Quando vejo uma película antiga, «Casablanca», por exemplo, restaurada digitalmente, percebo coisas que antes não via. Afecta todo a película. Há obras que não posso voltar a ver em celulóide, são demasiado imperfeitas. O digital dá-nos uma precisão cirúrgica. Não há lugar para a imprecisão, a dúvida. Já não se suporta. De repente, pode ser que mude toda a história do cinema. Pelo menos a visão que temos dela. Talvez nós atribuamos a qualidade da película de nitrato de prata da época do cinema mudo.
De repente também se redescobrem certos filmes.
Sim. Na minha adolescência vi pela primeira vez o «Cidadão Kane» e o «Terceiro Homem», no écran televisivo. Quando voltei a vê-los no grande écran fiquei desanimado. Volto a vê-las no digital e fico desalentado. Até num tablet são geniais! A alma destes filmes sobreviveu, seja qual for o suporte.
O que é que orienta as suas escolhas na hora de rodar?
Os personagens. Não a história. Fascina-me o comportamento dos personagens.
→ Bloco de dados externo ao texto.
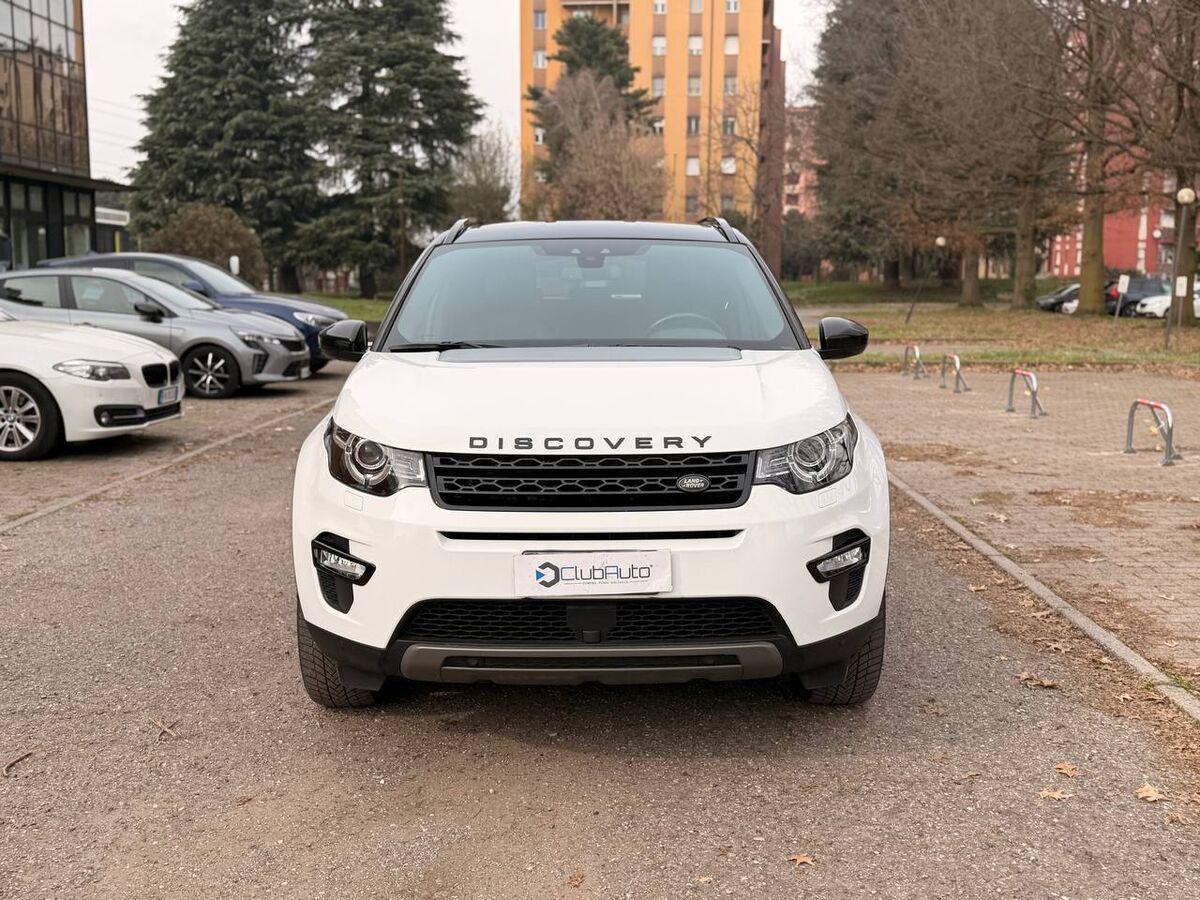 Land Rover Discovery Sport 2.0 td4 HSE Luxury awd 180cv auto my18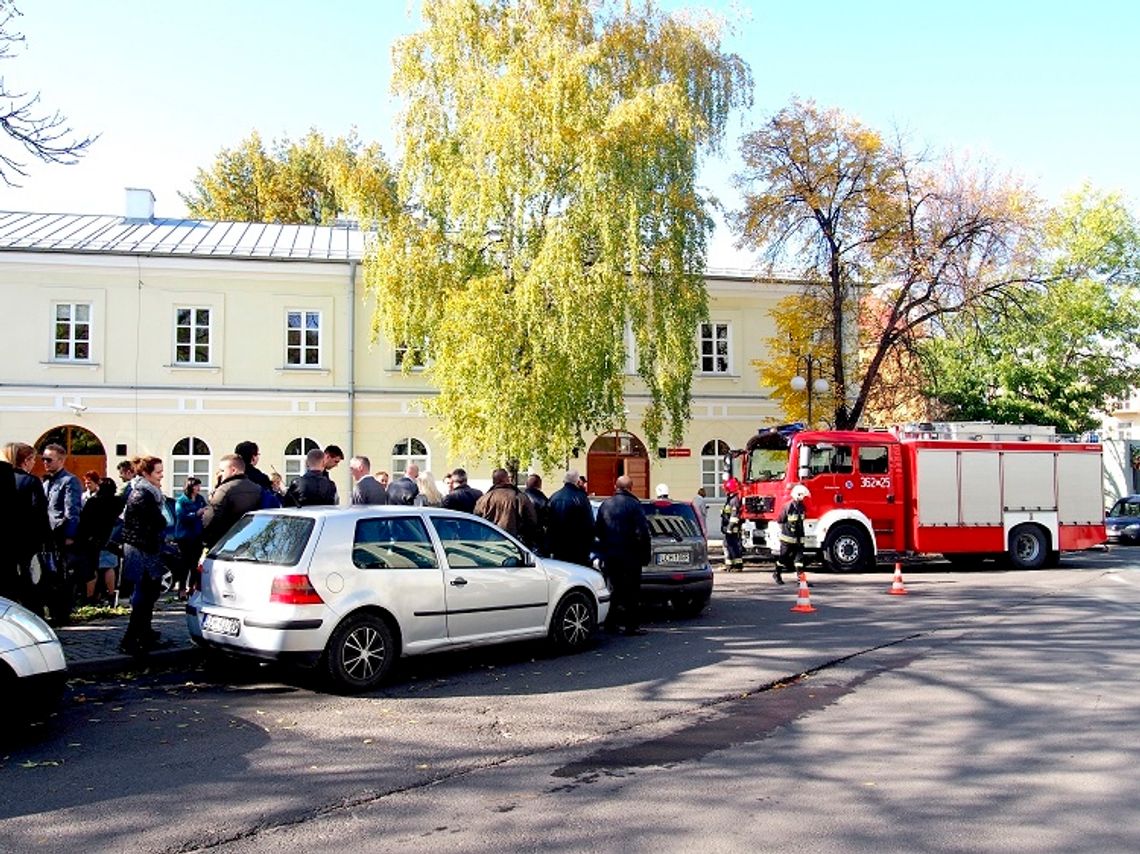 Chełm: Alarm bombowy w chełmskim sądzie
Hoje em dia vivemos na ditadura do «storytelling»: faz falta que haja peripécias, aventuras, sucessos. Quando Fellini fazia «La dolce vita» não contava uma história de A a Z: deixava avançar os personagens em situações que não eram necessárias, seguia-os, observava-os e o filme construía-se assim. Os actos dos personagens davam-lhes profundidade, uma existência de verdade. Com Leonardo DiCaprio estamos completamente de acordo nisto. Perguntam-me amiúde por que razão trabalho com ele: já são cinco as vezes que colaborámos. E eu respondo: por que não? Partilhamos a mesma ambição. Revelar…
E é?
Qualquer coisa da natureza humana. Não há outra coisa que interesse. A arte é isso., nada mais do que isso!